BEGIN
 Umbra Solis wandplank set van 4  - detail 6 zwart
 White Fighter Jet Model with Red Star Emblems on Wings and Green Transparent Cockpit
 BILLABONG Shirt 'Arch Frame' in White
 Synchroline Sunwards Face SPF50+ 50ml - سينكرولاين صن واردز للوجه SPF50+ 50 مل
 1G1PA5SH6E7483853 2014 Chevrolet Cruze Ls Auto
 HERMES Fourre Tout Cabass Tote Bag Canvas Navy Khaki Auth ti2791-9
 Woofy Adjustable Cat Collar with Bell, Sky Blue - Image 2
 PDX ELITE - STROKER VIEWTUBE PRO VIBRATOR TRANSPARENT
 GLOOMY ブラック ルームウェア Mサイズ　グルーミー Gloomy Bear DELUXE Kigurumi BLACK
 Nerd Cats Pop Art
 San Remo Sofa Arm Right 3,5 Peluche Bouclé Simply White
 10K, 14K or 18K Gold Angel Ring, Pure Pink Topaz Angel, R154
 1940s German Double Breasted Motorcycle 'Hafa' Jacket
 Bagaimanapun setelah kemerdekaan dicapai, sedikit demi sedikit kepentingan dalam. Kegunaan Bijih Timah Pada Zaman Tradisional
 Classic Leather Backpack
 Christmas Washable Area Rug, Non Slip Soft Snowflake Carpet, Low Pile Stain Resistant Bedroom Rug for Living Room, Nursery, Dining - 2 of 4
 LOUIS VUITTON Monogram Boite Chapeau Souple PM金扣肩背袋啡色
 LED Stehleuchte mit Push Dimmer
END
• _TASK STATEMENT_:
With the line holding "San Remo Sofa" as the first and the line holding "Christmas Washable Area" as the last, set down that range of the entries above exactly, and nothing else.

• _THE ANSWER_:
 San Remo Sofa Arm Right 3,5 Peluche Bouclé Simply White
 10K, 14K or 18K Gold Angel Ring, Pure Pink Topaz Angel, R154
 1940s German Double Breasted Motorcycle 'Hafa' Jacket
 Bagaimanapun setelah kemerdekaan dicapai, sedikit demi sedikit kepentingan dalam. Kegunaan Bijih Timah Pada Zaman Tradisional
 Classic Leather Backpack
 Christmas Washable Area Rug, Non Slip Soft Snowflake Carpet, Low Pile Stain Resistant Bedroom Rug for Living Room, Nursery, Dining - 2 of 4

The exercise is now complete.